Here's my issue: a few years ago I dated a man that I fell in love with the moment I met him and the feeling was mutual. He always went out of his way to exceed my expectations and treated me exceptionally well, never letting me want for anything. We dated (without sex) for about a year and a half, during which, I lived in another state for a few months but would come home to visit every 3 months or so.
There was always a LOT of sexual tension between us but eventhough he would usually at times try to get me to sleep with him he understood and respected that I was not ready for that yet as we were not yet officially in a relationship and probably enjoyed the chase. In fact, at about 9 months in I gave in to the incredible lust I had for him but he stopped me (fighting himself the best he could) and told me that he wanted to make love to me the first time and didn't want it to be just because we were both horny.
Well we had a mutual female friend that he had just met about a month before he met me but I had known her since I was aboubt 15 (6 or 7 years). At one time I was really close with her and her family but I had kind of lost touch with them in the past 2 or 3 years. Well, fast-forward about three months and he and I met up and made love. It was literally the most beautiful thing I had ever experienced to the point that I actually cried when he fell asleep (a point that I hate to admit b/c I am NOT a crier!).
2 months later I found out that our mutual friend was 3 months pregnant by him when I was invited to the baby shower! When I found out I did not let him know I knew until after the baby was born. And eventhough he never admited it to me I stayed by his side and helped him though all the stress it put him through. I honestly believe that she was just a convienience to him due to the fact that she had moved into his second bedroom for about 3 weeks when she was having some issues with her family and I would randomly see them out together when they didn't(she would give him rides to walmart when his car was in the shop. You see everybody at walmart!) and there was never any affection or even closeness. Especially compared to the way his was when he was with me.
When I confronted him about it he told me that she never meant anything to him and he wanted to tell me but he was afraid I would leave him. But at this point (once the baby was born it was actually real to me) I was so angry that I just stopped dealing with him for a while. I would talk with him every now and then and visit him every blue moon and he would always express his love for me and vow that eventhough he regrets that this happened and understands that I'm angry with him he believes in true love and he knows we'll end up together and he'll wait for me.
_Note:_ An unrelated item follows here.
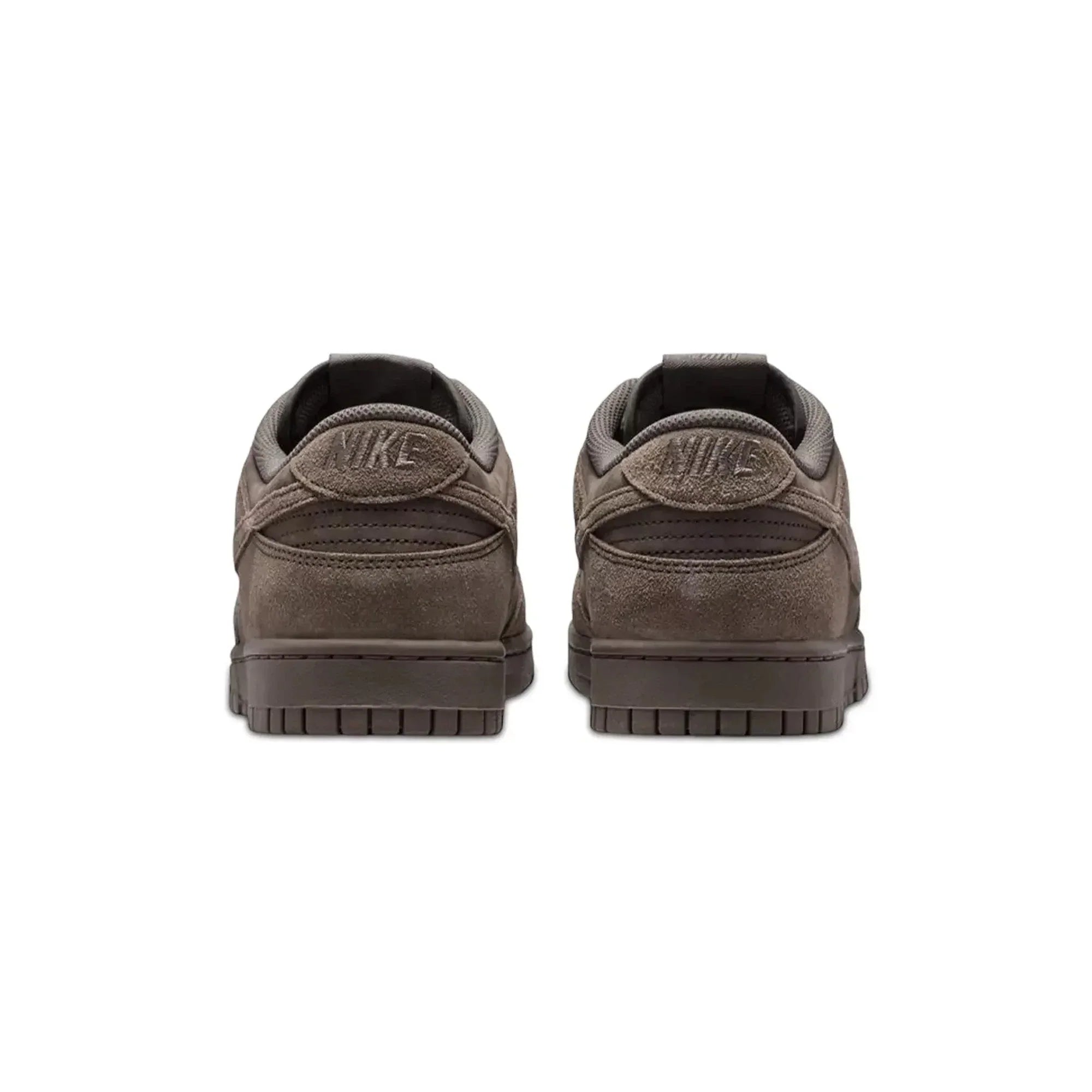 Dunk Low Retro SE 'Cave Stone' (2026)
Well a few years have passed and I'm trying to decide if I should give him another chance. A while ago his child mom and I crossed words because she absolutely HATES me now and started speading lies about me. I can't quite blame her because she was head over heels in love with him but after she had the baby and finally expressed her feelings for him and that she expected to be a couple with him, he told he no because he's in love with ME! I really wish he didn't. I've gotten over most of the hurt that he has a son with my one time friend but I'm still a little angry that it happened. He still pursues me and beggs to see me but I haven't yet.
SO, sorry for the long story but I want to know what you guys think. Should I give love a second chance. Or should I let go of a great guy with a baby?